The above proposition is what I apparently favor when I set up distinctions between impossible and possible beings. I have not only given the so-called predicate of existence to impossible beings; I have contradicted myself by saying that x does not have the predicate of existence. How do I defend my argument against such a charge?

    The paradoxical position that I must defend, then, is that there is a sense in which something that does not exist exists. I must defend my notion of "impossible beings" in order to save my claim that possible beings exist because they involve no contradiction and any denial of all possible beings do. Rather, my claim that possible beings exist seems to rest on the dubious premise that I can make a meaningful distinction between possible and impossible beings.

    I defend my paradox by noting that the objection rests on an equivocation of the word "existence." The assumption in the objection is that when I define a being as "impossible" or "not existing" that I must mean the same thing as I do when I define a being as "possible" or "existing." This seems, at first glance, to be a reasonable assumption. Logic generally is not equipped to understand the copula of a proposition as anything more than a connector between subject and predicate. Philosophy, however, is.

    Let us look at the case of the thing which does not exist, and see if we can make sense of it as a thing which exists in the sense that we can talk about it but not in the sense that such a thing is real. Let us look at the chair on which you sit. Or, perhaps, you do not sit on a chair, but you can imagine a chair which is not there. The chair which does not exist, in this case, is still something, is it not? In this case, the chair is the object of your imagination. Now, look outside. Maybe, there are no chairs there. But, there is still something there, is there not? The "not chair" is perhaps a sidewalk, or some trees, or some grass, or something else. When we speak of chairs which are not, we can and do speak meaningfully of them. Maybe, they do not have our predicate of existence, but they at least exist in the sense that there is a real "something" that is the true object of the "not chair."

    An "impossible being" likewise is something we can speak about. Now, I have never had an acquaintance with an "impossible being." Also, I do not really find myself able to imagine one in any way, but the garble that we speak of when we speak of such things at least represents the sentence which constitutes them, the semantics, or the sounds, or the words we cannot make sense. "A bull with horns that has no horns" is an impossible being, but the meaningfulness in speaking about such a being is that the being really is a something, it is at least the words which comprise it, or the opposites we are not able to understand in combination but are able to understand on their own. I know what a bull with horns is, and I know what a bull without horns is, but I do not know what one is in combination with and without horns. This impossible being I understand as a combination of things I do understand whose combination I cannot understand. It is a something, though it expresses in itself nothing which really exists.

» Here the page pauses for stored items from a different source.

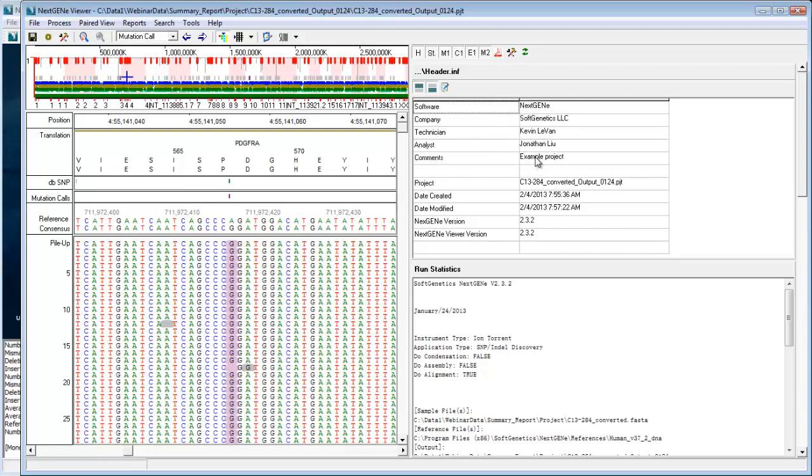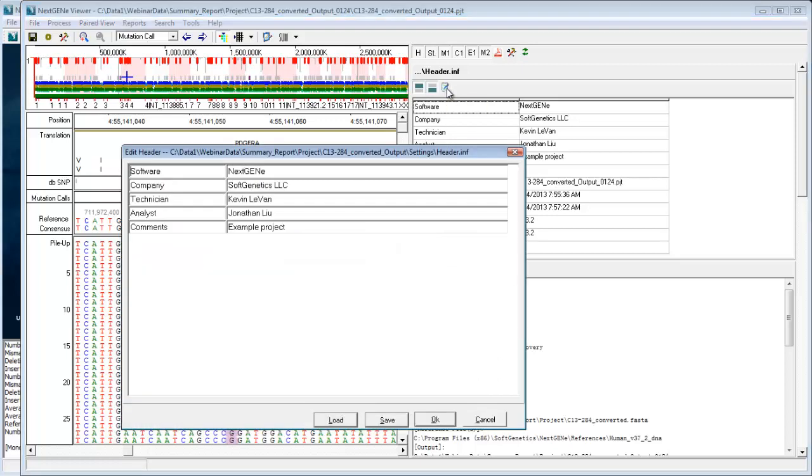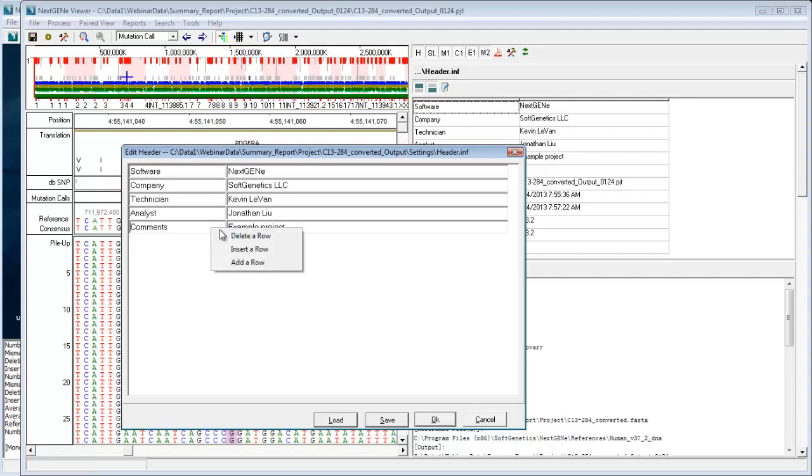And to edit this custom section, you would just click on this edit header button, and that's where you can add your own custom information. Just by clicking on the right mouse button, you can delete rows, add rows, and then load and save these.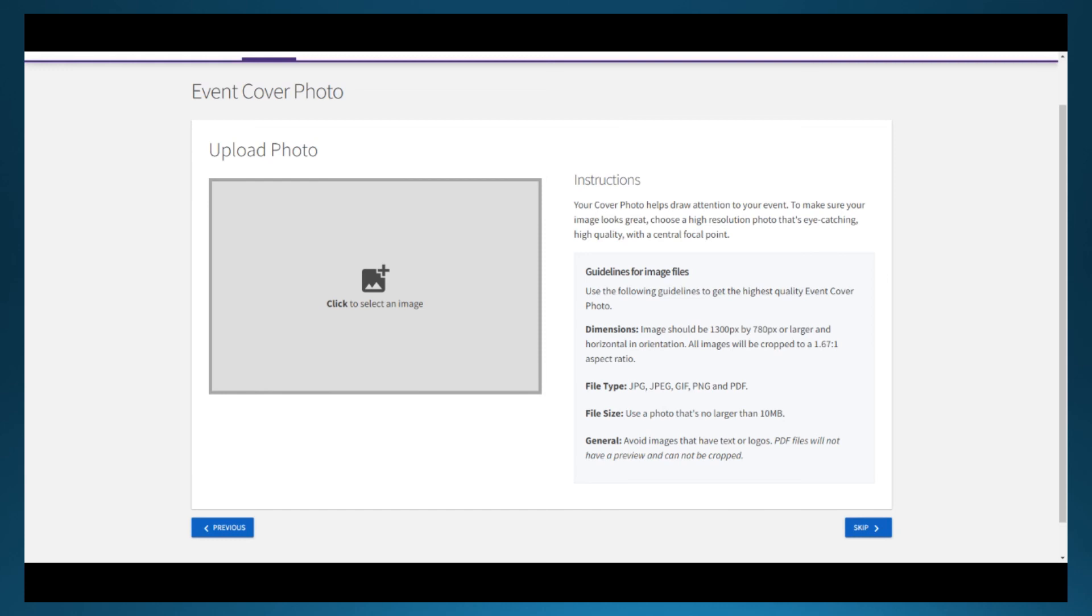This concludes part one of the event submission process training. Please go to part two to learn about the social and non-social processes on the second half of the event submission process.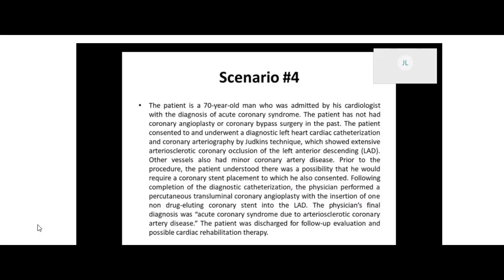So the procedure is a percutaneous transluminal coronary angioplasty with the insertion of one non-drug-eluting coronary stent. Let's break this down: percutaneous is just how they're doing it, transluminal means they're inside a lumen, coronary refers to the heart, and angioplasty is essentially surgical repair of the vessel — with the insertion of one non-drug-eluting coronary stent into the left anterior descending. So they're putting the stent in — what is the intent of the procedure? Why is the stent put in place?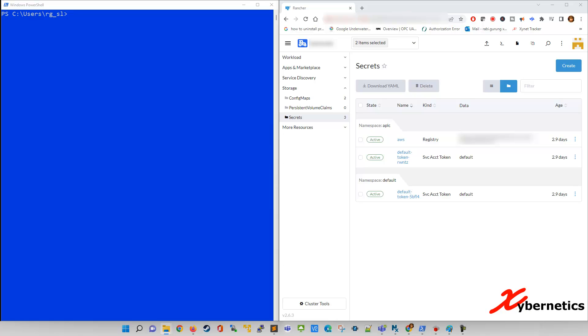By default, kubectl runs on a namespace called default, naturally.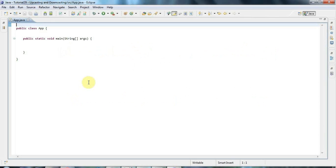Hello, this is John from caveofprogramming.com and in this tutorial we're going to look at upcasting and downcasting in Java.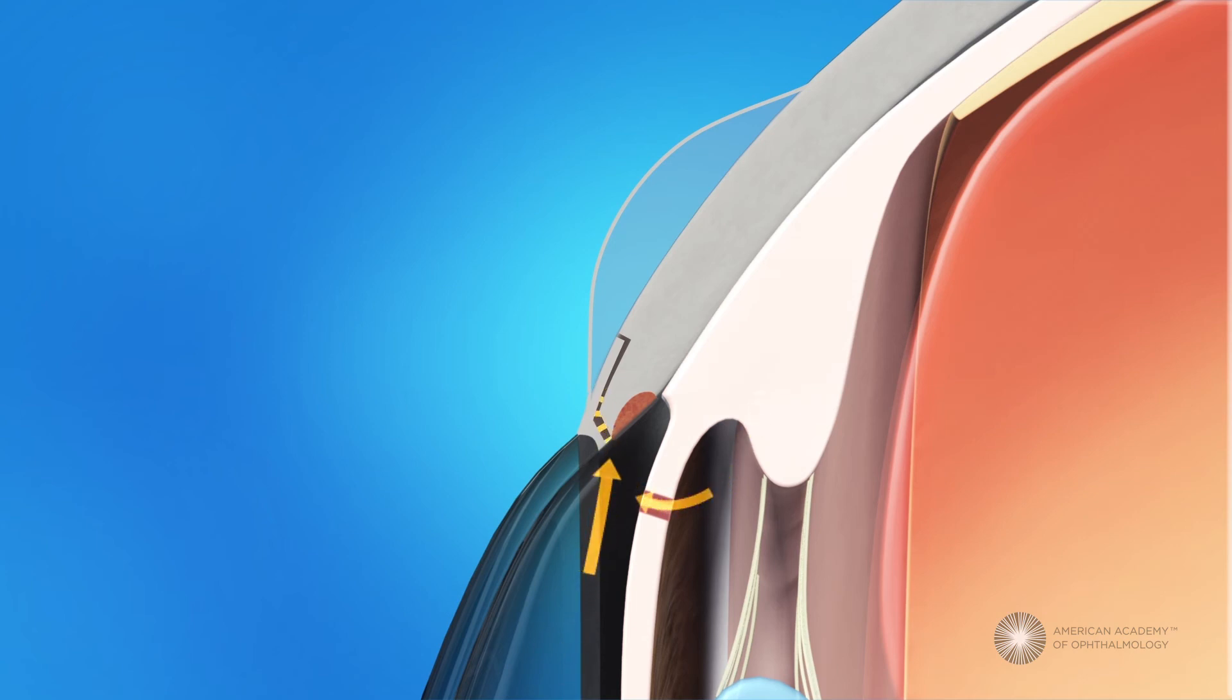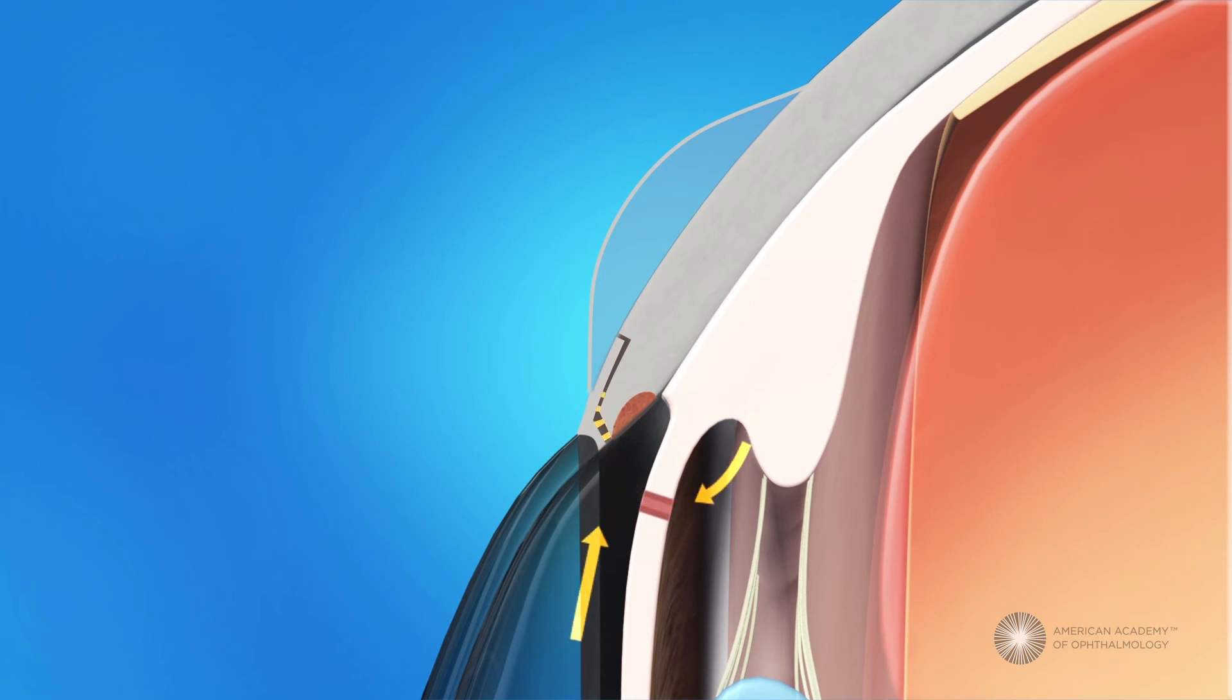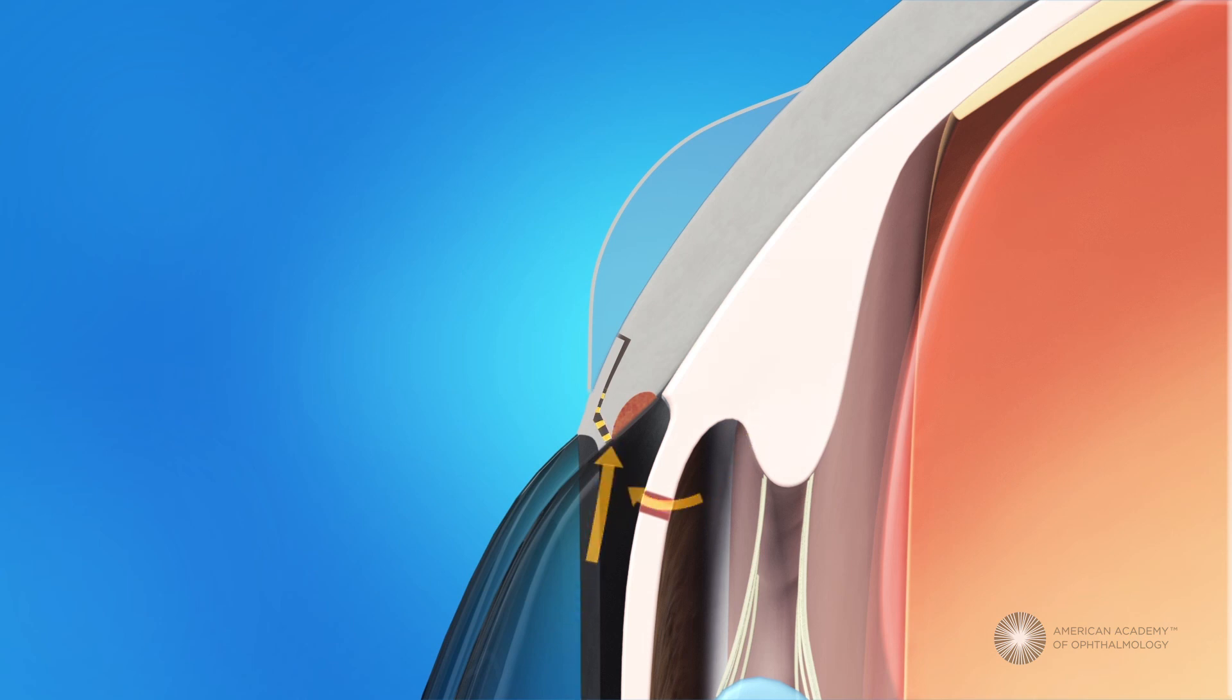The area where fluid drains from the trabeculectomy is called a filtering bleb. As fluid filters out of the eye and into the bleb, it looks like a bubble. Because the bleb is under the eyelid, it is not usually visible.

    So, now, what is so absurd about "existence" as a predicate? Impossible beings do not exist, but as objects of discussion do represent something else which is real. What does not exist refers to something else—"What is outside your window?-not a chair." Surely, that is meaningful. The logician’s objection to my argument is naïve. It treats "is" merely as an "=" in mathematics when "is" clearly refers to something more complex than that. "God" does refer to "God existing" but "Impossible being" does not refer to "Impossible being existing" anymore than the chair you do not sit on means that the object of your imagination is really a chair you can sit on. It is something, the object of your imagination, but it is not ascribing the same sort of existence at all. I think this now is clear.

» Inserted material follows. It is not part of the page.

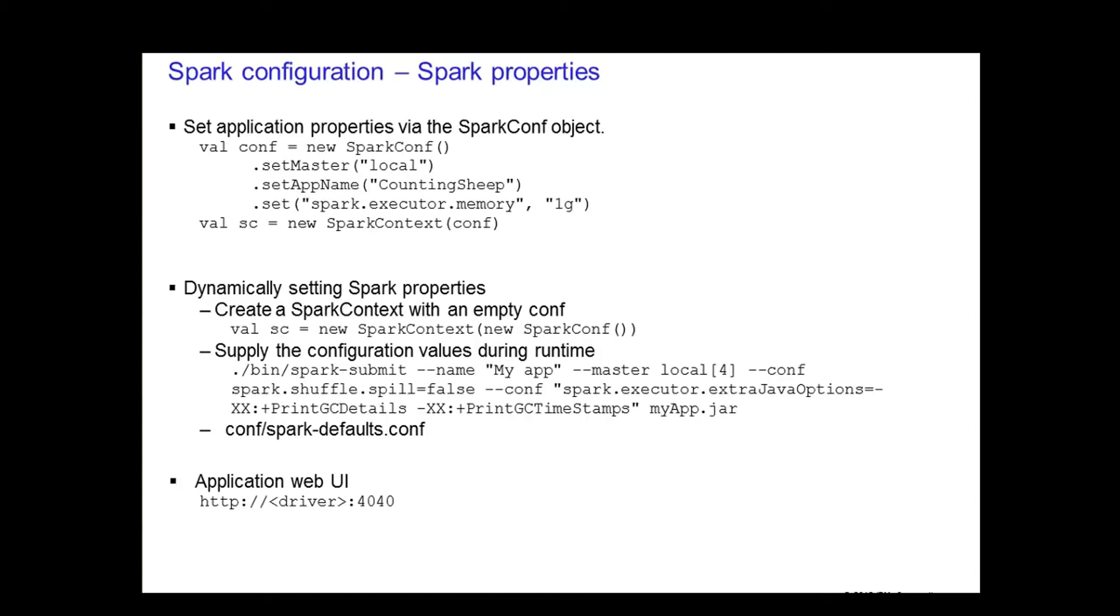You can view the Spark properties on the application web UI at port 4040 by default. One thing I'll add is that properties set directly on the SparkConf takes highest precedence. Then flags passed to the Spark Submit or Spark Shell is second. And finally, the options in the Spark Default.conf file is the lowest priority.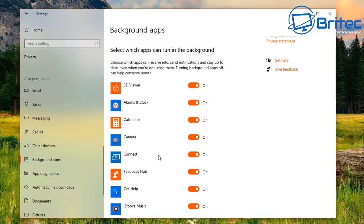For Windows 10 Pro, open Group Policy Editor and go to Computer Configuration > Administrative Templates > Windows Components > Data Collection and Preview Builds. Double-click Allow Telemetry, set it to Enabled, and choose Security (enterprise only) from the dropdown, then click Apply and OK.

    In that way, then, "God exists" does not merely refer to the copula of a proposition. Since we can and do talk about things not existing in a meaningful way, it is meaningful whether we say of something that it exists or that it does not exists. If it exists, then we may have added nothing to our brand new car at first notice, but take that car’s existence away, and you may have a chair instead. You may now sit on this "not car" while we move to the second objection.

    The second objection to my argument states that of everything that exists, it is possible to conceive that it does not exist. That is, this objection states that everything may be contingent. Immanuel Kant argued that although it was necessary, by definition, that triangles have three angles, he saw no reason why one could not deny the existence of triangles, existence and all. Though God may have the property of existence by definition, what forbids one denying the object along with its definition? Might it be possible that every definition is capable of denial? Furthermore, defining God not merely as existing but as "necessarily existing" may not answer the objection because "necessary" may not be a proper way to define a being, especially if it is possible that all beings might not exist. Bertrand Russell thought that arguments like mine failed because they attribute necessity improperly to objects. Russell translates the definition of "necessary being" to mean, "If x is God, then x is God will always be the case." In other words, everything might not exist, and defining it as existing does not make it exist any more just by doing so.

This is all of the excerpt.